## [Work instructions]
For the data below, retype word for word the lines from the one containing "vidaXL bogreol/rumdeler 60x35x135" through the one containing "TOODOO 3 Pack"; drop the pictures.

## [Input data]

▬▬▬

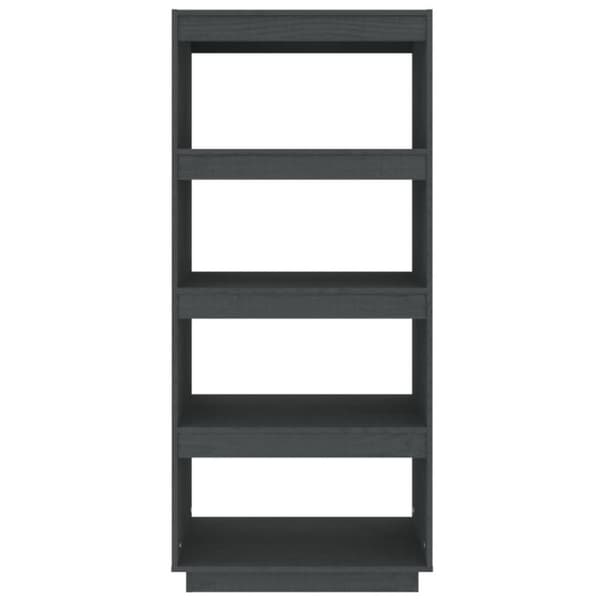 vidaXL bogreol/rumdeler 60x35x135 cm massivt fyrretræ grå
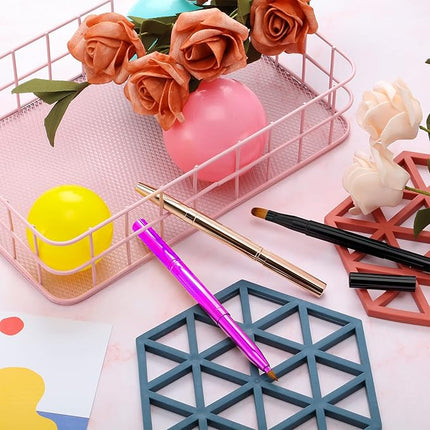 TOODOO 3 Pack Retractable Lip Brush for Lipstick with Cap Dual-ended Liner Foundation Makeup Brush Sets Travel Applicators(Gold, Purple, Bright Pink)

▬▬▬

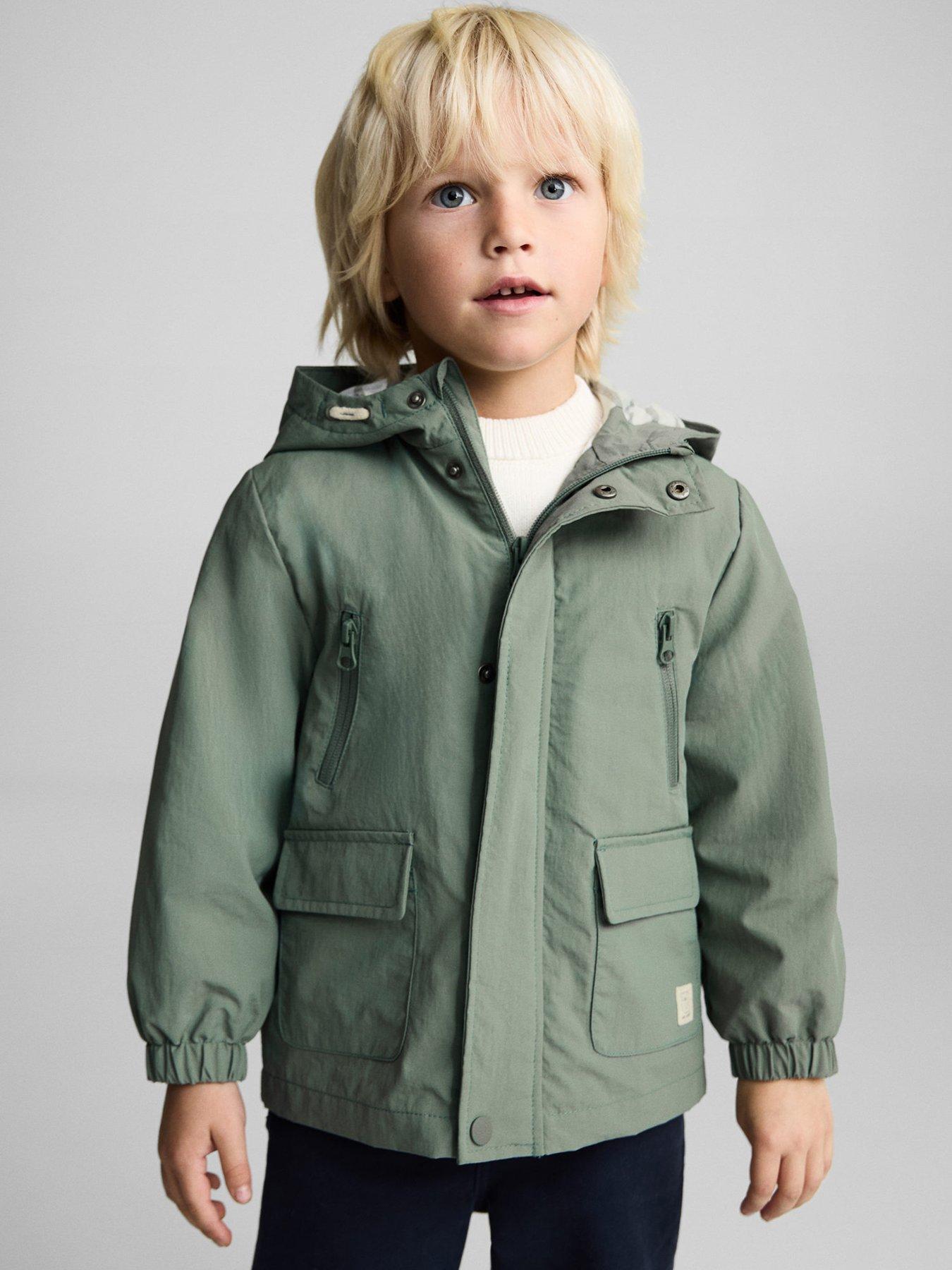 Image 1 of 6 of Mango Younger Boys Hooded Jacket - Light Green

▬▬▬

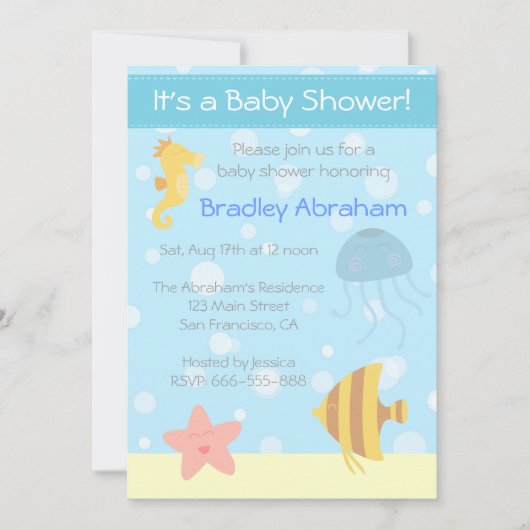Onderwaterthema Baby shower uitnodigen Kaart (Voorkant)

▬▬▬

## [Answer box]
 vidaXL bogreol/rumdeler 60x35x135 cm massivt fyrretræ grå
 TOODOO 3 Pack Retractable Lip Brush for Lipstick with Cap Dual-ended Liner Foundation Makeup Brush Sets Travel Applicators(Gold, Purple, Bright Pink)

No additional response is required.